In just a few short weeks, HealthITAnalytics.com will be braving the crowded convention center floor to bring you all the latest breaking news, intriguing interviews, and session recaps from the show. Here are some of our top predictions about what attendees will be talking about this year.
Making healthcare big data analytics actionable for better care
The healthcare system has a lot of data on its hands. Now is the time to make it actionable. In order to create a true “learning health system,” providers must start growing their competencies with informatics, healthcare big data collection and management, and clinical decision support.

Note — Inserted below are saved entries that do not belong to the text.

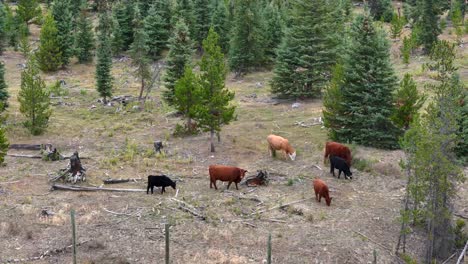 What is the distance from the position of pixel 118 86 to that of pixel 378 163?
2894 centimetres

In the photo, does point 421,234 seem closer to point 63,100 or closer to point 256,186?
point 256,186

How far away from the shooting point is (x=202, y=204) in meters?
22.1

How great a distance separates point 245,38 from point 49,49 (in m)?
19.0

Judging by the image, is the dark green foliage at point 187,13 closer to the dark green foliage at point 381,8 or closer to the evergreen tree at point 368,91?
the dark green foliage at point 381,8

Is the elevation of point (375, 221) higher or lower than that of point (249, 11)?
lower

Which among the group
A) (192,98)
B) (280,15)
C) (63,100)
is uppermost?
(280,15)

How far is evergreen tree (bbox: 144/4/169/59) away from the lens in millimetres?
56037

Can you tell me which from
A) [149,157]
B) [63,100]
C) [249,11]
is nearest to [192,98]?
[149,157]

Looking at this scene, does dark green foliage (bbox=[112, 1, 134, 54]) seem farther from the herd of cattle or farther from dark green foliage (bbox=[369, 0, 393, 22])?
the herd of cattle

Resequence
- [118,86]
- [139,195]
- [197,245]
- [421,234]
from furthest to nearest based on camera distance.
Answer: [118,86], [139,195], [421,234], [197,245]

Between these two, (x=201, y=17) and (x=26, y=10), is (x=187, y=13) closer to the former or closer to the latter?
(x=201, y=17)

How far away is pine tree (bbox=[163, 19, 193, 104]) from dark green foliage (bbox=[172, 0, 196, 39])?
22727 mm

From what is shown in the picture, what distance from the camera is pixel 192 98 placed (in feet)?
101

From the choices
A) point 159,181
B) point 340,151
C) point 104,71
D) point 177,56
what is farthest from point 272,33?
point 159,181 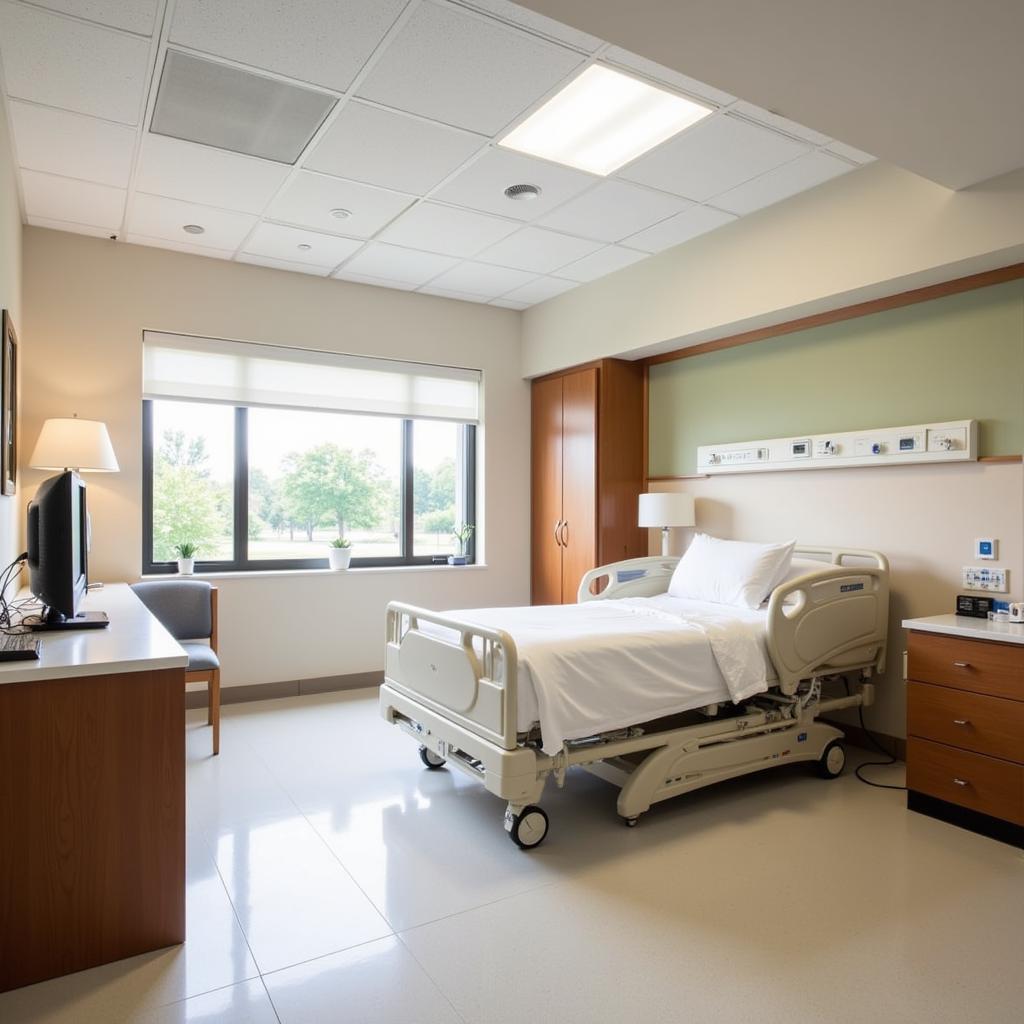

Bright and early Tuesday morning, Thomas Carton, PhD, MS, Director of Health Services Research at the Louisiana Public Health Institute, will discuss how his organization created multi-faceted platform with two million patients, bringing interoperability and connected health strategies to bear on patient engagement.
Ari Robicsek, MD and Chad Konchak, MBA, from NorthShore University Health Center will explain how predictive analytics can integrate with EHR systems to supplement clinical decision making, and Gary Horn from Advocate Health Care will give advice about developing a cloud-based data center ecosystem to ensure business continuity and reliability for end-users.
Representatives from Christiana Care Health System will review their successful “Triple Aim dashboards” project, while CIOs and CMIOs from Cleveland Clinic and Memorial Sloan Kettering Cancer Center will participate in a roundtable discussion about the importance of executive collaboration for health IT transformation and organizational change.
Turning EHR interoperability into population health management
Many providers may still be struggling to optimize their EHRs and connect to other stakeholders for health information exchange, but some pioneering organizations are already leveraging shared information for meaningful population health management.
Learn how to take a systematic approach to population health management from the Mayo Clinic on Wednesday, or review strategies for reducing health disparities among minority patients by leveraging health IT tools.
Elizabeth Regan, PhD, from the Eastern Kentucky REC, will explain how to engage in EHR optimization projects that will help to achieve better population health outcomes, and a session led by Joel Vengco from Baystate Health will highlight the benefits of seamless communication in the accountable care environment.
Embracing value-based reimbursement as the new normal
Already working hard on making your data flow freely? Take the next step and start accepting financial risk for patient outcomes. Value-based care is the lynchpin of healthcare reform, and a primary strategic goal for CMS and private payers in the next few years.
Roper Saint Francis Health System will share how value metrics intersect with new payment models and how strong data governance can reap rewards down the line. CMS representatives will take the floor to break down current clinical quality measures and future development targets.
And if you’re ready to dive into risk-based contracting, you can brush up on the basics with Carrie Nixon and Mark Engelen, who will guide you through the upcoming changes to mandated programs such as PQRS, the EHR Incentive Programs, and MIPS.
Aligning regulation with reality
HHS Secretary Sylvia Burwell and National Coordinator Karen DeSalvo will both be on hand to share the latest accomplishments and goals of their organizations. DeSalvo will discuss the ONC’s interoperability roadmap and share her views on the intersection between the regulatory environment and the private marketplace.
CMS experts will also host a session to give insight into the evolving role and requirements of the EHR Incentive Programs from now until 2017. A separate listening session will allow attendees to hear about changes to meaningful use in 2018 and beyond, as the Merit-Based Incentive Payment System (MIPS) starts to come into play.
If you want to learn more about the activities of the Office of the Inspector General (OIG), stop in to hear Senior Counselor for HIT James A. Cannatti III explain how this regulatory body makes an impact in the healthcare information technology space.
The HIMSS ICD-10 Task Force will also be presenting a session on the impact of the new code set, and will reveal how the industry has fared since the largely uneventful October 1, 2015 transition date.
These sessions – and dozens more covering everything from HIPAA regulations to revenue cycle management to the Internet of Things – will give healthcare stakeholders an inside look into the most successful strategies and initiatives changing the face of the industry.